** RECORDS TO USE follows **
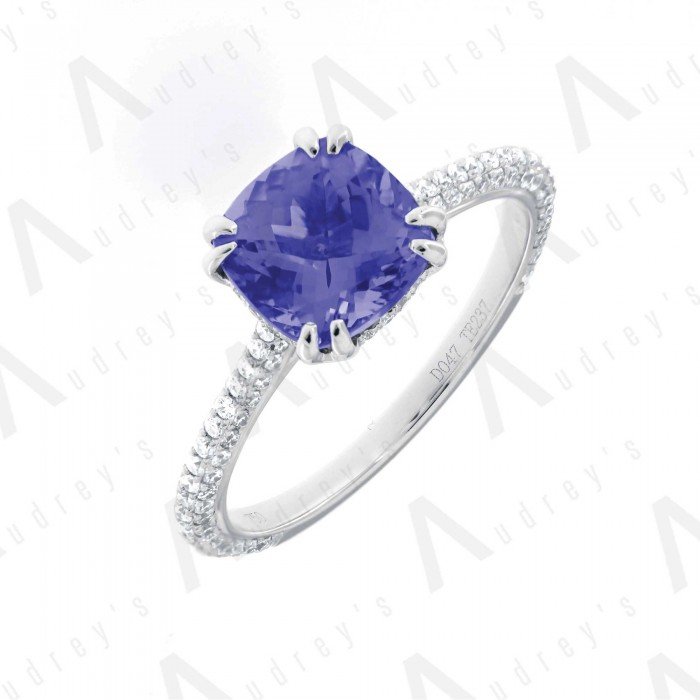 18 KARAT DIAMOND AND GEMSTONE RING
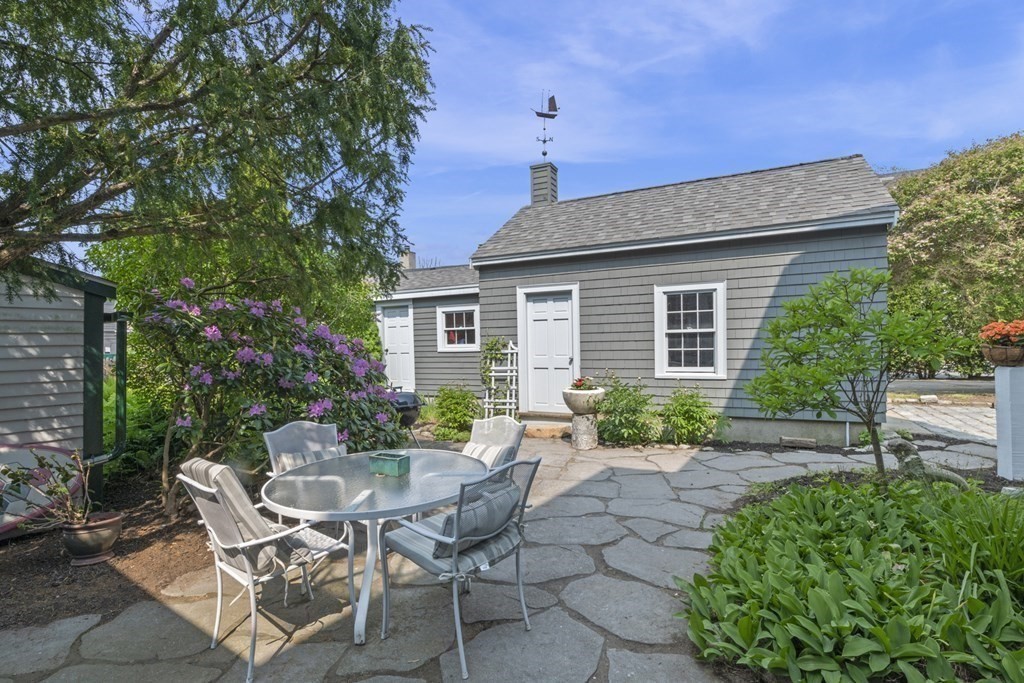 80 Front Street Marblehead, MA 01945 - Photo 6 of 42 a view of a patio with table and chairs and potted plants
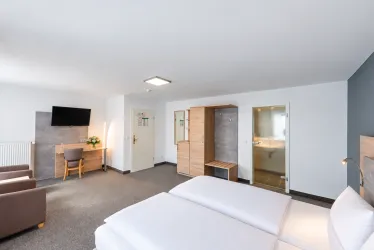 Ein modernes Hotelzimmer mit zwei Einzelbetten und einem Fernseher. Es gibt eine gemütliche Sitzecke und ein angrenzendes Bad.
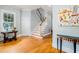 Bright foyer with hardwood floors and staircase at 101 N Bloodworth St, Raleigh, NC 27601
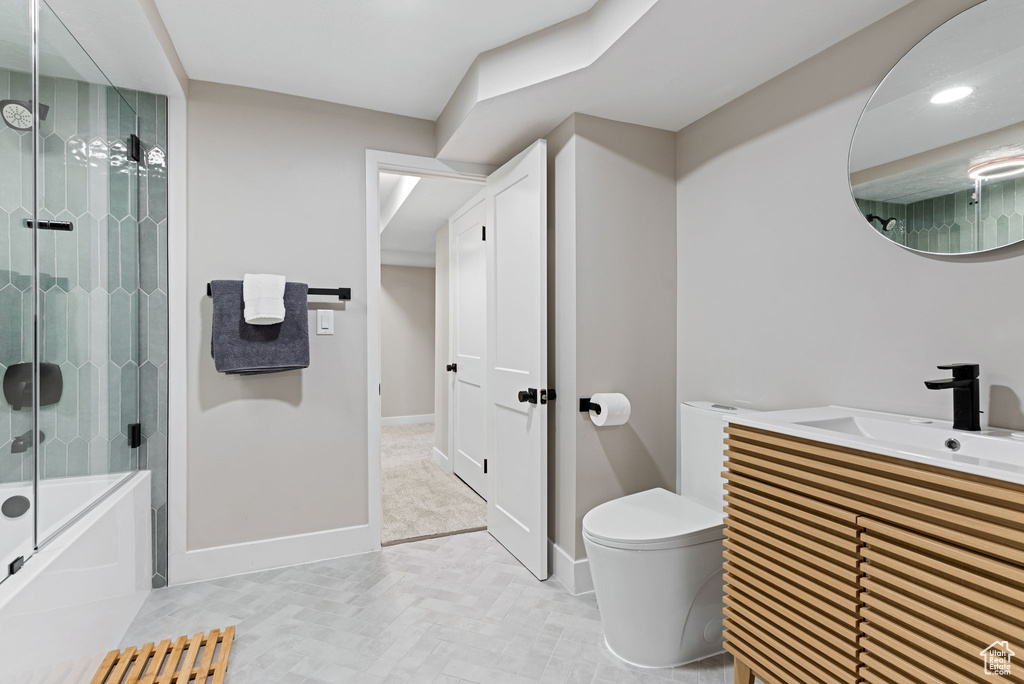 Full bathroom with toilet, tile floors, bath / shower combo with glass door, and vanity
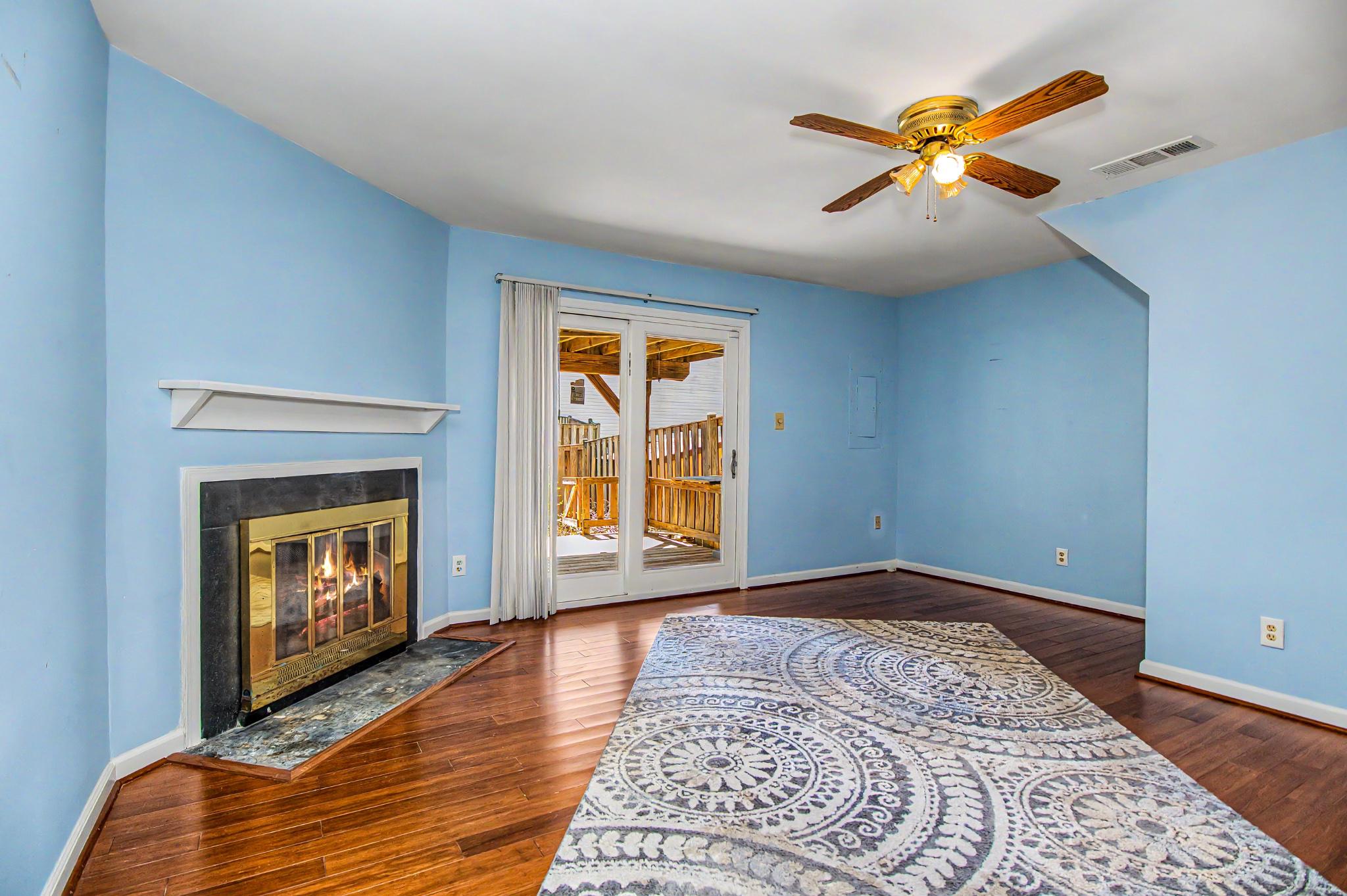 13993 Gunners Place Centreville, VA 20121 - Photo 5 of 43 a view of an empty room with window and wooden floor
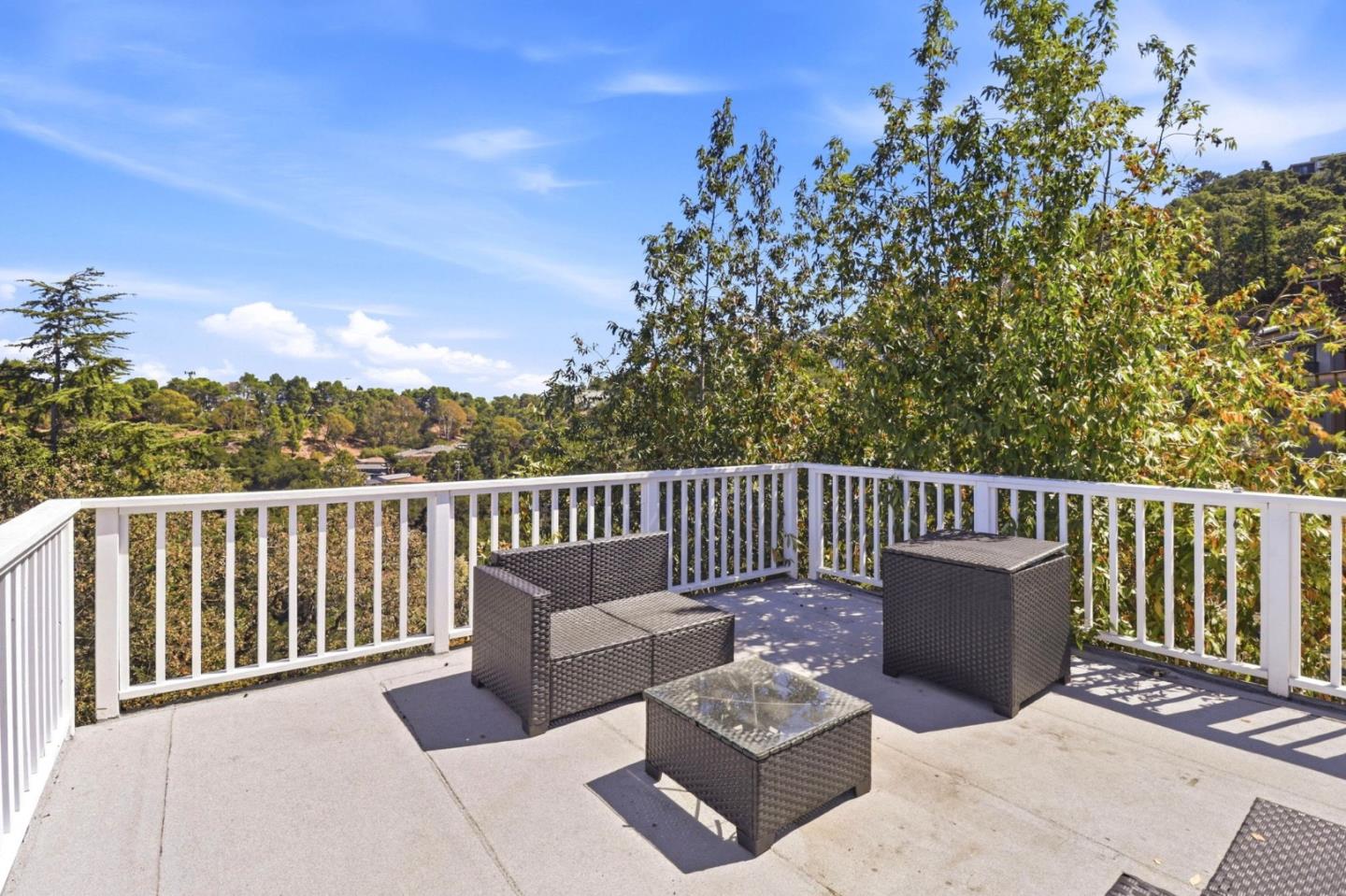 Furnished deck with white railings, woven patio seating, and a view of leafy hills.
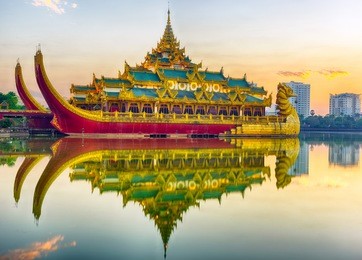 golden karaweik palace reflecting on kandawgyi lake looks like an ancient royal barge. sunset time. yangon, myanmar 
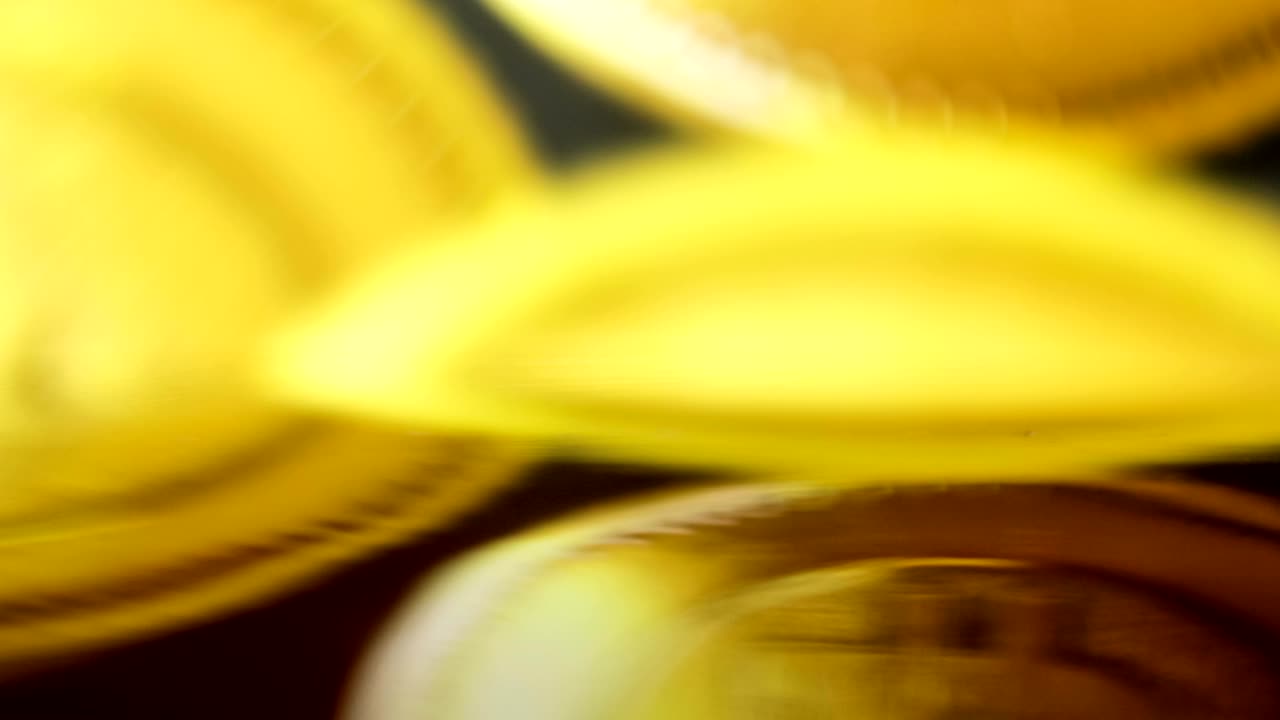 Time lapse growing rising columns stack pile of bitcoin cryptocurency mining business cash exchange success on reflecting table with blurred bokeh background crypto currency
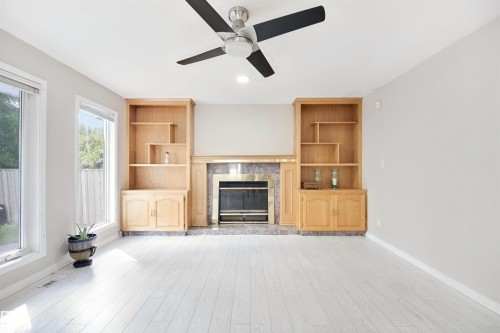 Light wood-finish flooring, built-in shelving, stone fireplace surround, and a ceiling fan with integrated lighting - 5107 17 Avenue Nw, Edmonton, AB 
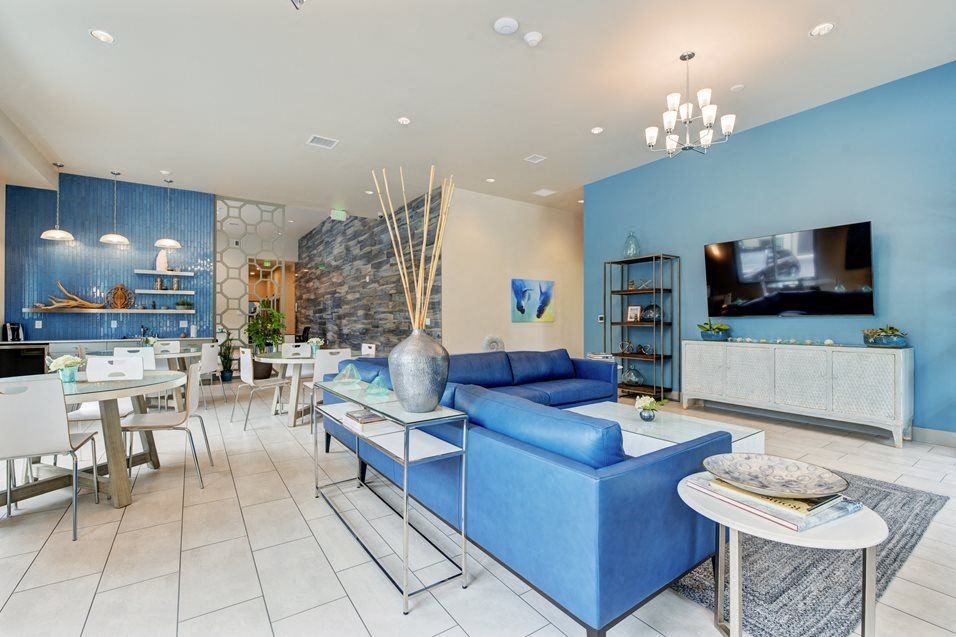 a living room with blue furniture and a television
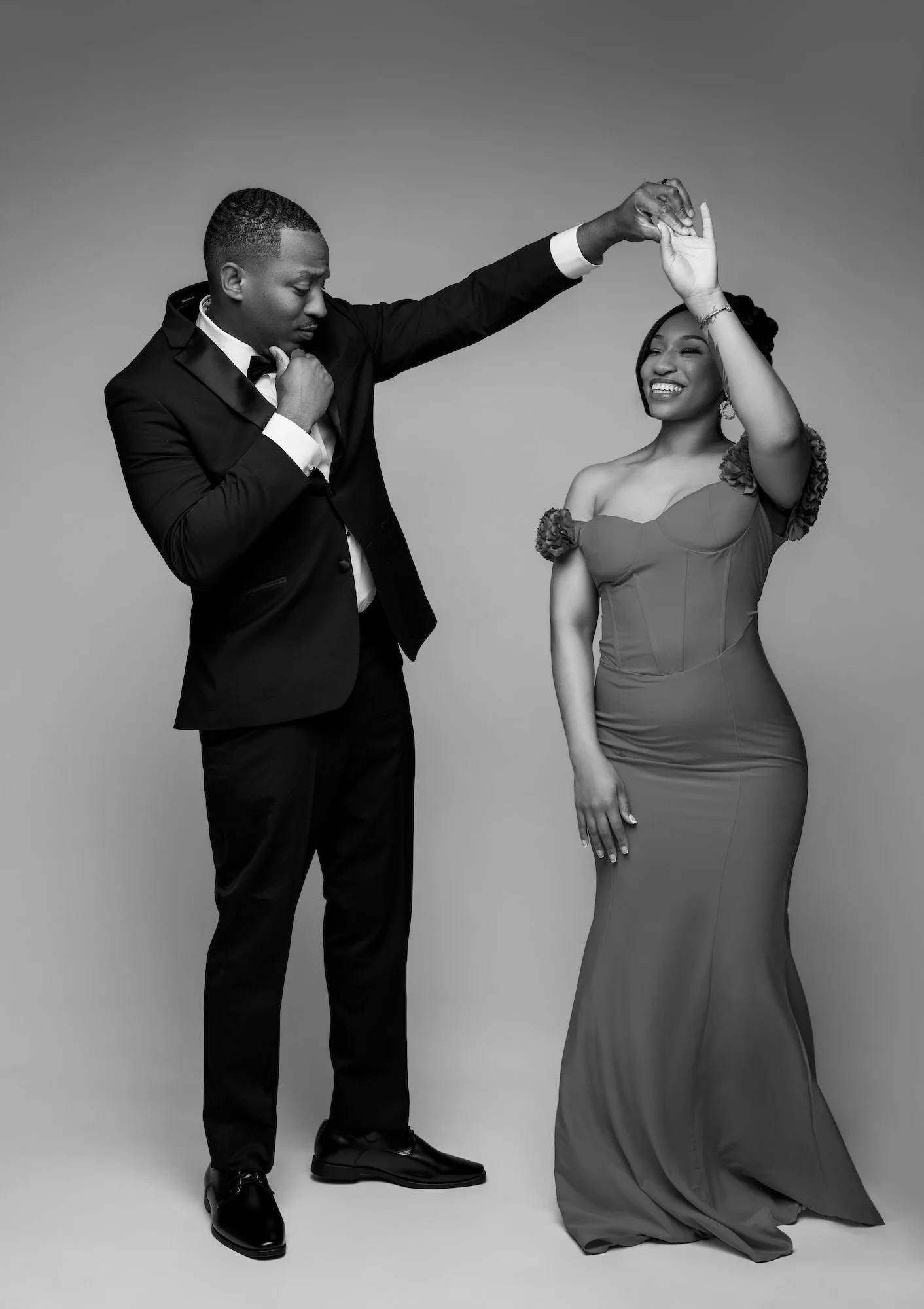 Black and white dancing engagement couple, man spinning woman in red dress, romantic studio photography at Filaneyka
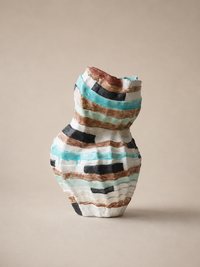 A handmade ceramic vase with a textured, ribbed surface decorated with horizontal hand-painted stripes in turquoise, brown, black, and white, set against a solid beige background.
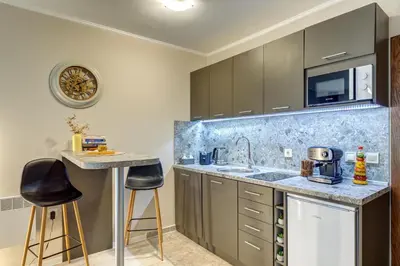 a kitchen with a sink and a counter with stools at Studio in Dream View Resort in Pamporovo
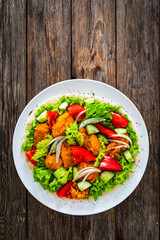 Seared chicken nuggets with vegetable salad on tortilla on wooden background
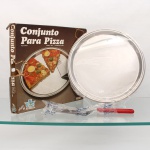 Conjunto para pizza confeccionado em aço inoxidável, marca Elmo Gazola, Brasil, século XX. Composto por prato circular de servir, com aba lisa e bordo moldado, acompanhado de utensílio para corte e serviço, dotado de lâmina serrilhada e cabo em material sintético vermelho. Conserva embalagem original com inscrições "Conjunto Para Pizza - Aço Inox", Elmo Gazela e "design 64". Embalagem com avarias, vide foto. Medidas: Comp.: 29 x Larg.: 5cm.Medida: Diam.: 31cm.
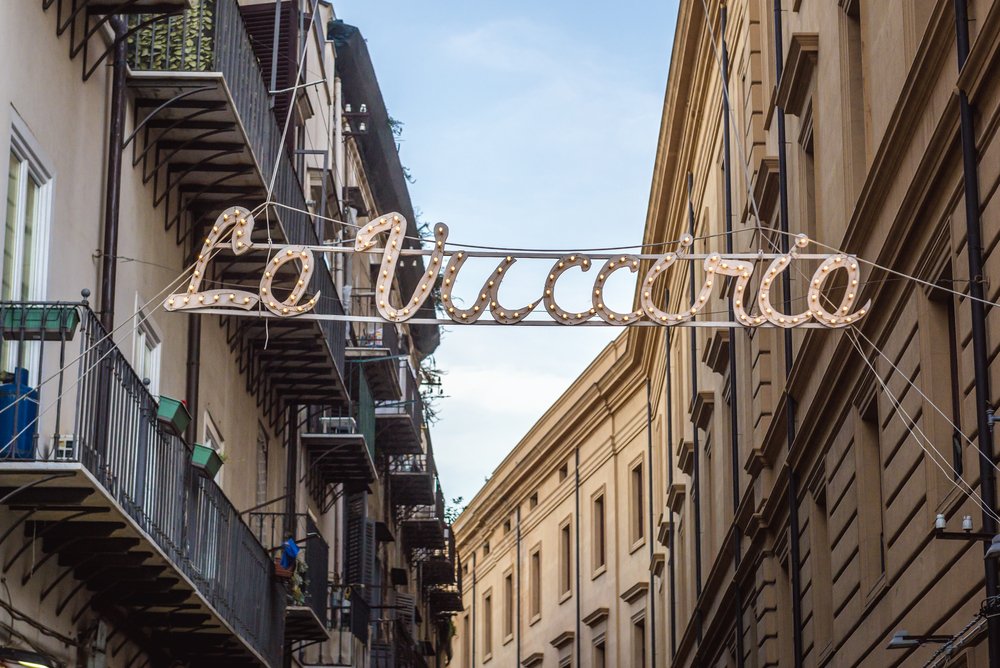 Entrance to street market called La Vucciria in Palermo, Sicily, with a street sign in cursive between two streets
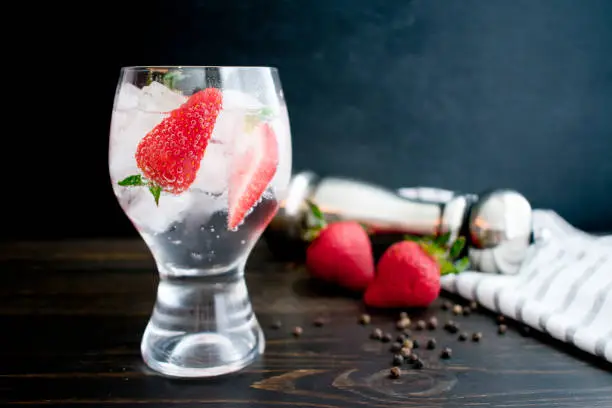 Gin and tonic garnished with strawberries and black pepper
** End of RECORDS TO USE **
§ **PROBLEM**: Copy exactly the lines from the line holding "Seared chicken nuggets" to the final line of the listing, and leave the pictures out.

§ **WRITTEN ANSWER**:
 Seared chicken nuggets with vegetable salad on tortilla on wooden background
 Conjunto para pizza confeccionado em aço inoxidável, marca Elmo Gazola, Brasil, século XX. Composto por prato circular de servir, com aba lisa e bordo moldado, acompanhado de utensílio para corte e serviço, dotado de lâmina serrilhada e cabo em material sintético vermelho. Conserva embalagem original com inscrições "Conjunto Para Pizza - Aço Inox", Elmo Gazela e "design 64". Embalagem com avarias, vide foto. Medidas: Comp.: 29 x Larg.: 5cm.Medida: Diam.: 31cm.
 Entrance to street market called La Vucciria in Palermo, Sicily, with a street sign in cursive between two streets
 Gin and tonic garnished with strawberries and black pepper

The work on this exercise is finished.